# TRY IT:
Your copy should hold only the lines from the one holding "如何用zabbix创建自定义监控项" through the last line of the records below, both included, each exact and with no pictures.

Top of SUPPLIED RECORDS

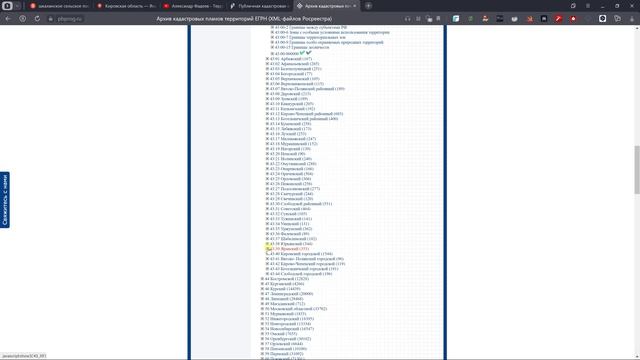 Границы муниципального образования в QGIS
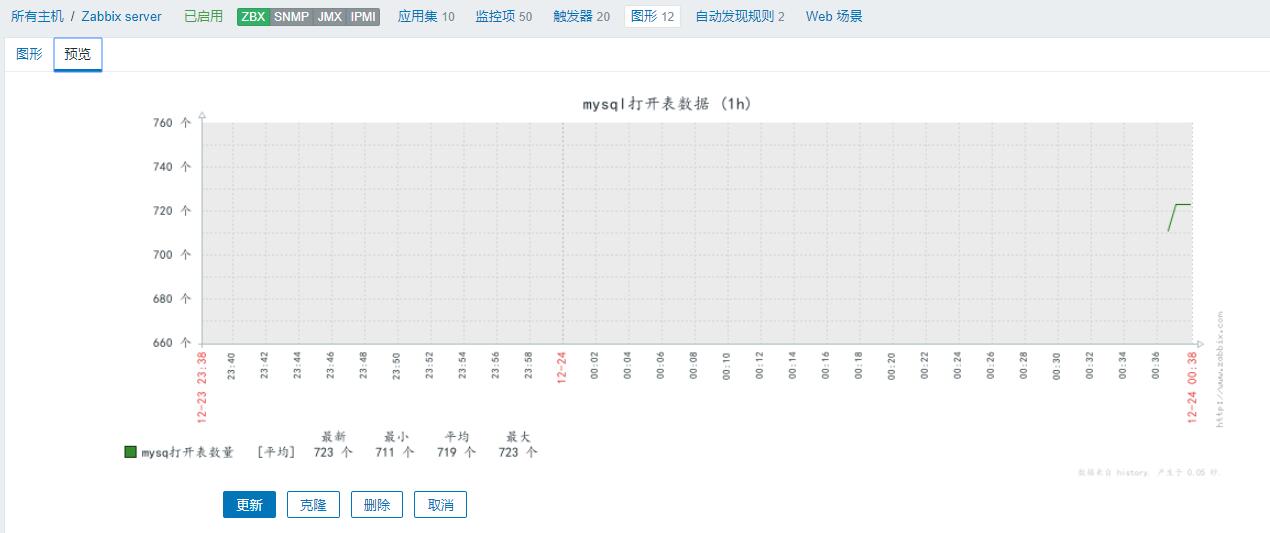 如何用zabbix创建自定义监控项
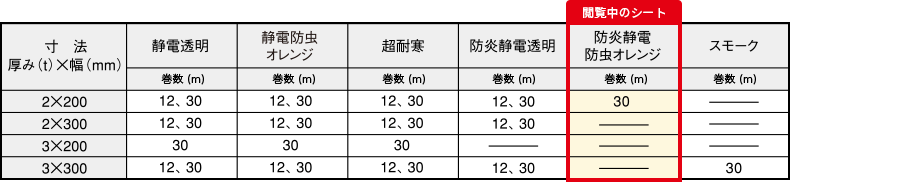 防炎静電防虫寸法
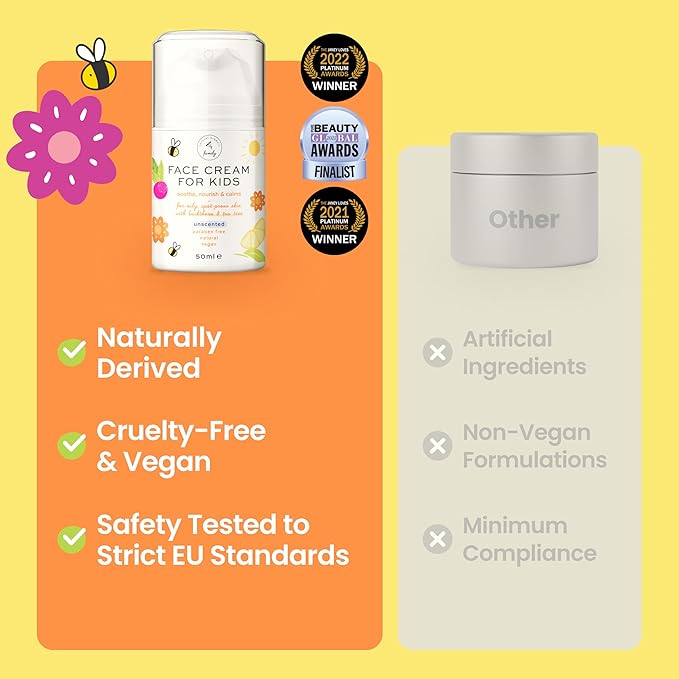 Award-Winning Kids Face Cream - Gentle & Calming Moisturizer with Natural Ingredients for Sensitive & All Skin Types - Fragrance-Free-GlimoraGlow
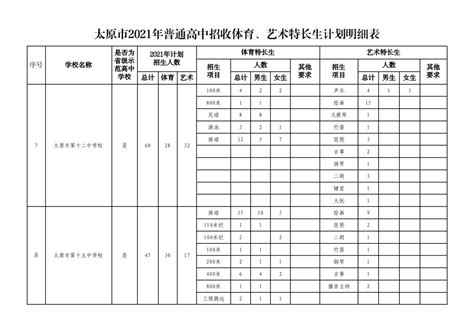 2021年北京各区体育特长生招生学校名单&招生人数汇总 - 知乎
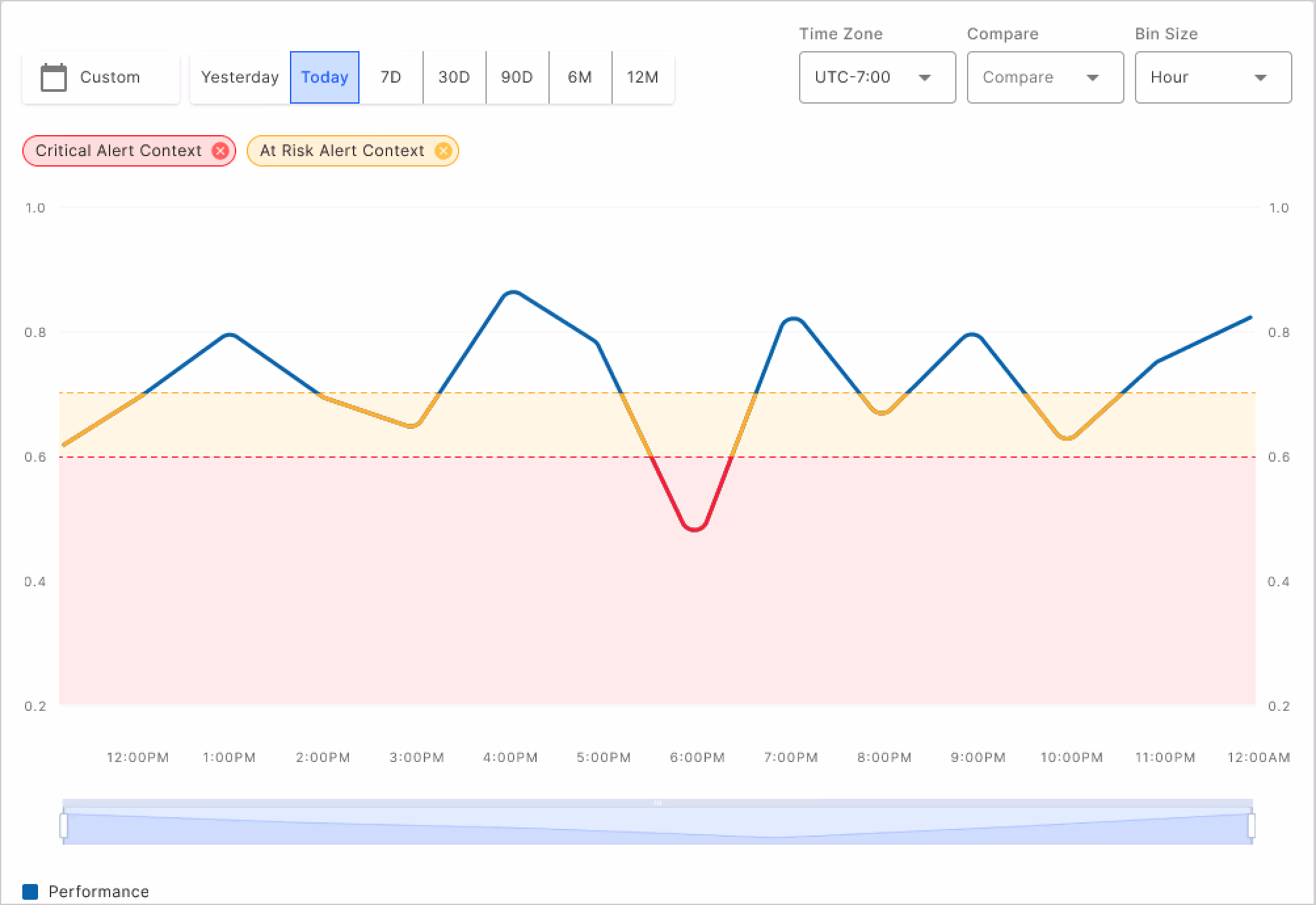 Automatically gain contextual insights on model issues as soon as they emerge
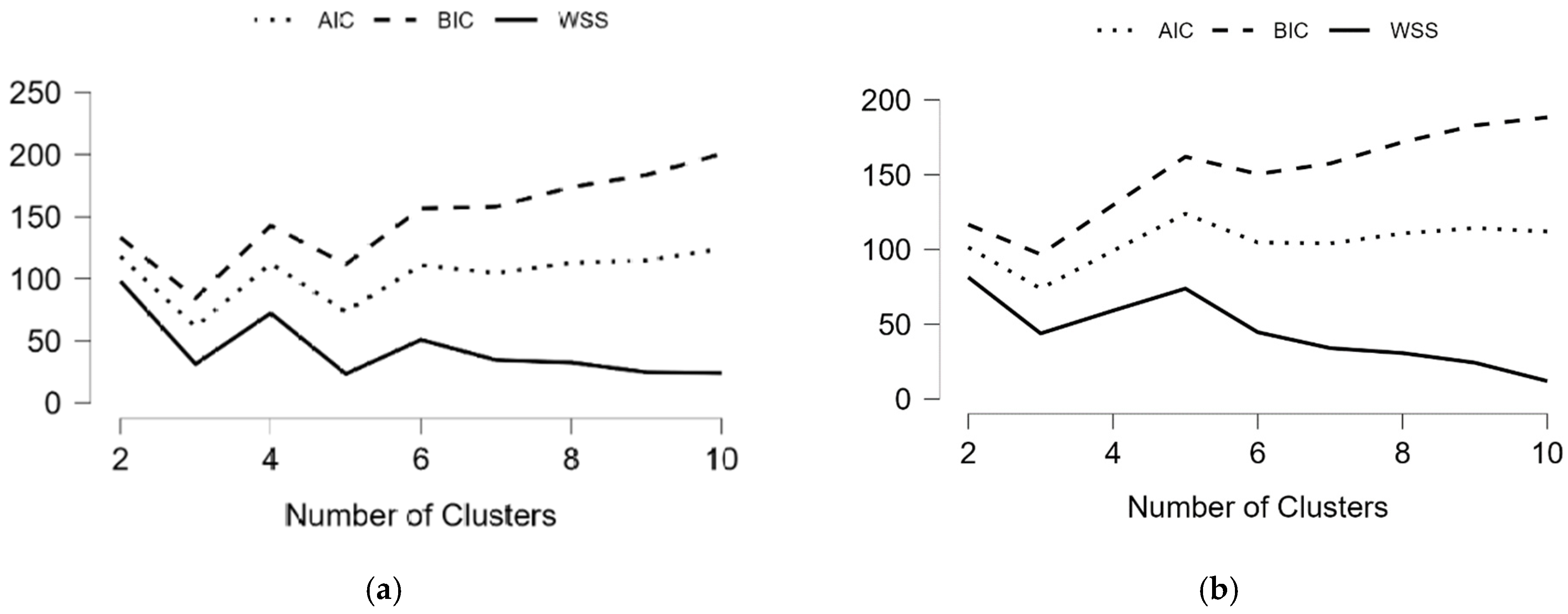 Mathematics 11 01520 g004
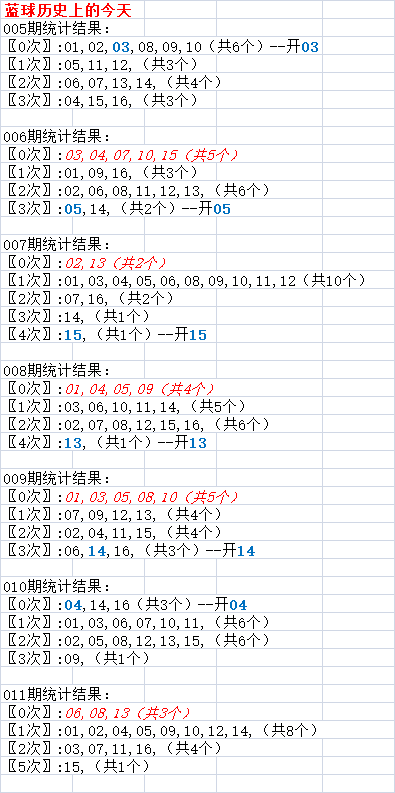 双色球历史记录查询双色球历史记录查询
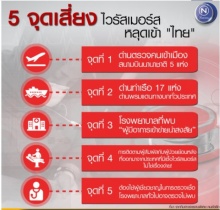 5 จุดเสี่ยง ไวรัสเมอร์ส หลุดเข้าไทย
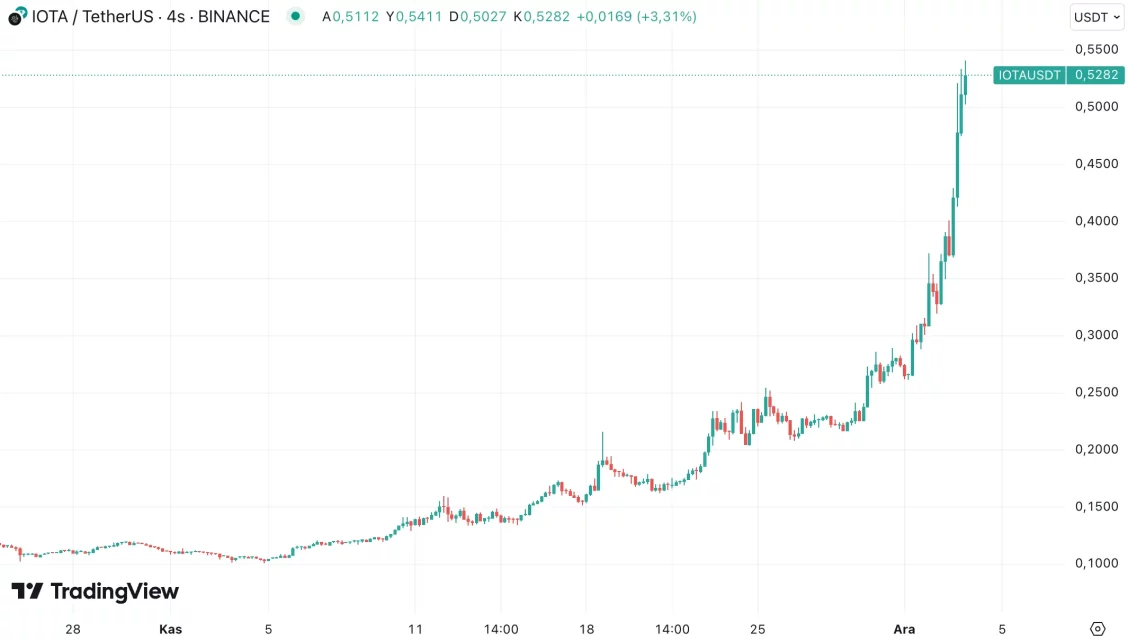 RWA Coin Takip: Son 30 Günde En Çok Yükselen Altcoin’ler ve IOTA’nin Gövde Gösterisi
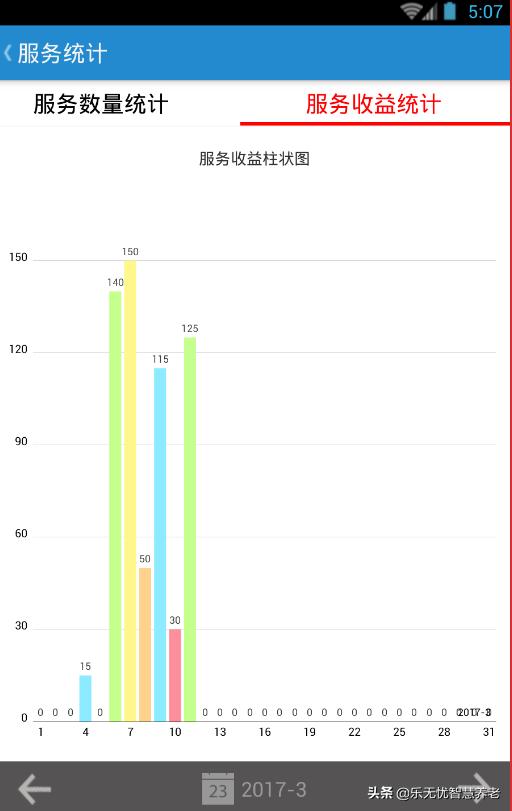 智慧养老管理平台老人端,免费的智慧养老管理系统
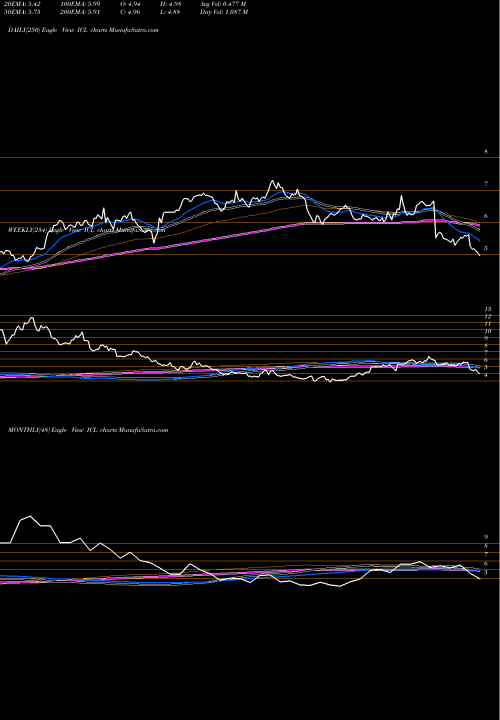 Trend of Israel Chemicals ICL TrendLines Israel Chemicals Shs ICL share NYSE Stock Exchange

Bottom of SUPPLIED RECORDS

# ANSWER FOR THE TASK:
 如何用zabbix创建自定义监控项
 防炎静電防虫寸法
 Award-Winning Kids Face Cream - Gentle & Calming Moisturizer with Natural Ingredients for Sensitive & All Skin Types - Fragrance-Free-GlimoraGlow
 2021年北京各区体育特长生招生学校名单&招生人数汇总 - 知乎
 Automatically gain contextual insights on model issues as soon as they emerge
 Mathematics 11 01520 g004
 双色球历史记录查询双色球历史记录查询
 5 จุดเสี่ยง ไวรัสเมอร์ส หลุดเข้าไทย
 RWA Coin Takip: Son 30 Günde En Çok Yükselen Altcoin’ler ve IOTA’nin Gövde Gösterisi
 智慧养老管理平台老人端,免费的智慧养老管理系统
 Trend of Israel Chemicals ICL TrendLines Israel Chemicals Shs ICL share NYSE Stock Exchange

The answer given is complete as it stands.